Chemical EOR flooding using hydrolyzed polyacrylamide (HPAM) is considered nowadays a state-of-the-art tertiary recovery process and has been conventionally applied on a full-field scale worldwide. The addition of these standard polymers improves the mobility of the injected fluid and thus maximize sweep; however, application is only limited to mild reservoir temperatures and low brine salinity ranges. Therefore, a more thermally stable and more resistant "associative polymers" were derived, by incorporating specific hydrophobic groups into the HPAM polymer backbone, to offer performance advantages with regards to viscosifying efficiency and salt tolerance when compared to the standard HPAM. However, only a handful of field cases were reported in the literature. Thus, this paper will present the unique application of this associative polymer technology in a field pilot for one of the major E&P companies and discusses the corresponding lab evaluations leading up to the field trial.
To confirm the advantages of using associative polymer over of standard HPAM, rheology and filterability measurements were conducted. Moreover, linear coreflood experiments in presence of oil have been performed at target field conditions (low temperature and higher salinity) with various polymer concentrations. The resistance factors measured in the coreflood experiments indicated that 750 and 1,250 ppm of associative polymer and HPAM, respectively, are adequate to deliver the required mobility ratio of 1 and accordingly the oil recovery can be similar for the two different polymers at these concentrations. Moreover, dynamic adsorption measurements conducted at the same polymer concentration reveal a smooth propagation of the associative polymer through the porous medium. Based on these findings, it is concluded that the associative polymer offers a significant performance advantage over the HPAM due to the lower polymer dose required to achieve the target performance.

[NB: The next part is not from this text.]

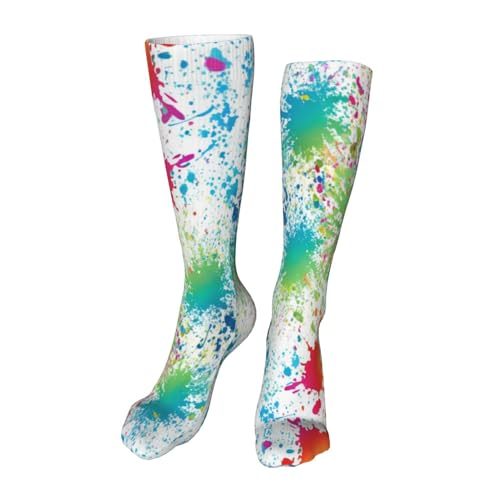 ZCERA Paint Splatter Knee High Socks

After successful lab evaluations and in preparation for a multi-well pilot, a field injectivity trial was planned accordingly to test the propagation of the synthesized polymer in the reservoir. Subsequently, the selected associative polymer was successfully injected into the reservoir over a period of two months in two injectors at a steady injection rate of 50 and 300 m3/d. The measured well head pressures of the two injection wells was stable for the entire test duration, indicating a good polymer injectivity with no observed formation plugging.
This newly developed associative polymer was proposed to the field's operator as a promising alternative solution to unlock additional reserves increase oil recovery and a full-field polymer flood expansion is planned next. To our knowledge, this is one of the few reported field trials with associative polymers and should facilitate field implementation of this technology.